Even the title of her video installation “Rose, Dear” is a play on the hamlet of Rosedeer (known today as Wayne), which exists now as a ghost town in Alberta’s badlands. While it is now deserted, Rosedeer once served as a haven for coalmine workers and their families before the collapse of this overtly masculine industry. However, by including only women in this video installation, Westman emphasizes instead the women who lived and died in the service of these male workers. These women lumber slowly through the landscape, echoing the ghosts of those who once inhabited this now abandoned hamlet. These eerie images are also combined with an intriguing projection technique, in which folds and bends serve to create a series of planes that imply a sense of tension between the past and the present. While this renders the video somewhat disorienting, it is nonetheless very sensual and this serves yet again to emphasize the absence of people in places like Rosedeer.

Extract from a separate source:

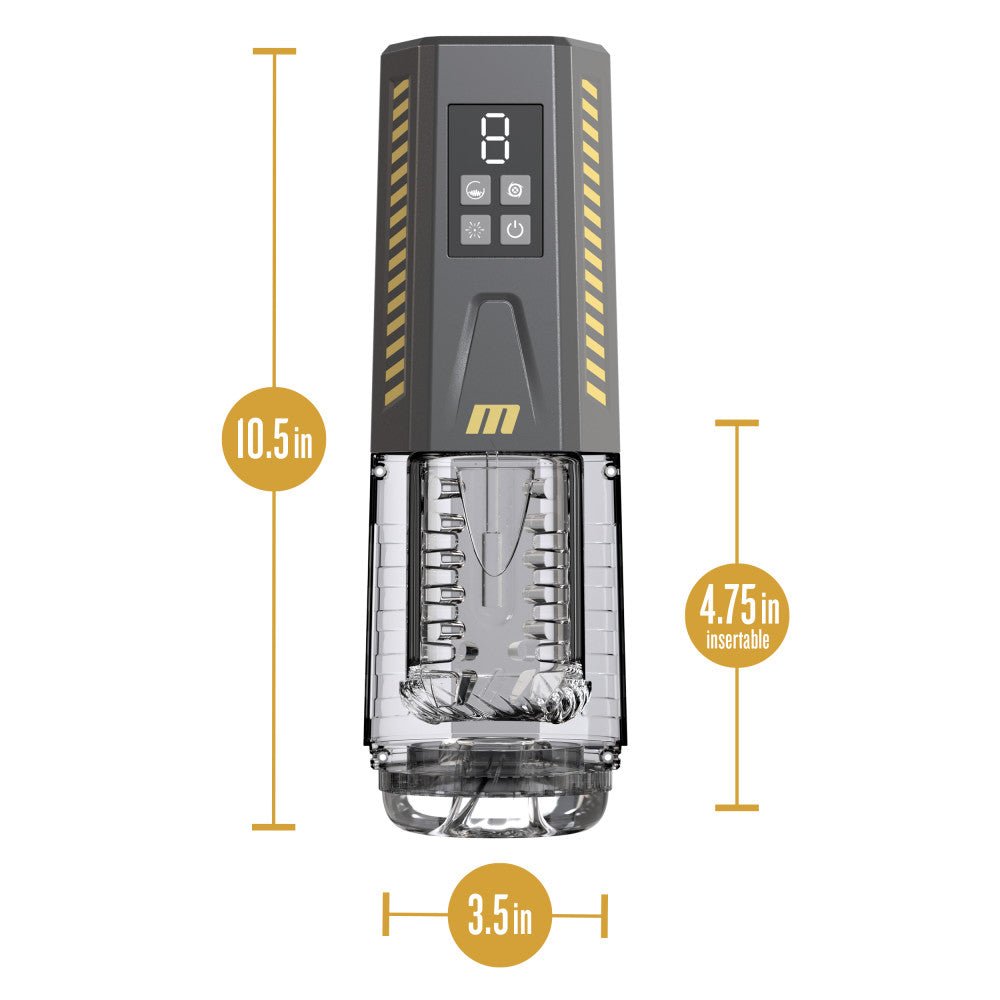 M For Men - SpinMaster Pro - Vibrating & Rotating Auto Stroker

In fact, this sense of tension exists almost everywhere within the exhibition. In “The grass must have been mown” by the Toronto-based collective of Parastoo Anoushahpour, Faraz Anoushahpour and Ryan Ferko, the artists attempt to represent, through a series of video installations, the tension that exists between a customs office and the Mohawk First Nations community on Cornwall Island, Ontario. Using archival footage, the collective shows the ways in which the government has suppressed the mobility rights of the Mohawk while also emphasizing the redundancy of forced surveillance and registration. Through an interesting combination of text, video and re-recording, these three artists show quite vividly how the intimacy between people and places can be distorted and manipulated by power structures.

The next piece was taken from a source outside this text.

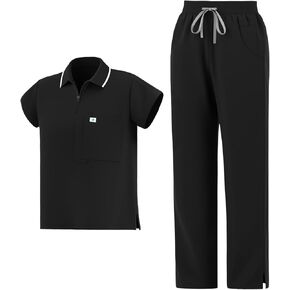 Women's Scrubs Set - Polo Zip Scrub Top in Saudi Arabia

Finally, the works of Gabrielle L’Hirondelle Hill serve to underline the persistence of human presence in the world, and the ways in which our presence alone can imply a sense of ownership or propriety. Through a series of mixed media and photographic works, Hill masterfully shows how humans are always present, and the ways in which even the most caring gestures can affect a place and its identity. In “Braided Grass,” the artist photographed a small piece of land on which she had gently woven braids into the grass. This act implies a sense of direct intimacy between the artist and the land, while also emphasizing the lack of any real human presence in the photograph. This tension between absence and presence also exists in her series titled “Wastelands,” where objects meant for humans are combined with industrial materials. Through these works, Hill seems to be emphasizing the fact that humans will forever be present, and that our traces will continue to be left on the places that we once gathered in.
Gabrielle L’Hirondelle Hill, Braided Grass, 2012, archival inkjet print, 36″ x 24″
Overall this exhibition is one that should not be missed by anyone who is interested in contemporary video installation, and in the ways in which video manipulation can make us question how we interact with our surroundings. Like an old friend is an interesting combination of video, photography and mixed media installation that makes us question our own presence and whether or not it is fleeting or eternal.
*Exhibition information: September 9 – October 15, 2016, Gallery 44, 401 Richmond Street West # 120, Toronto. Gallery hours: Tue – Sat 11 am – 5 pm.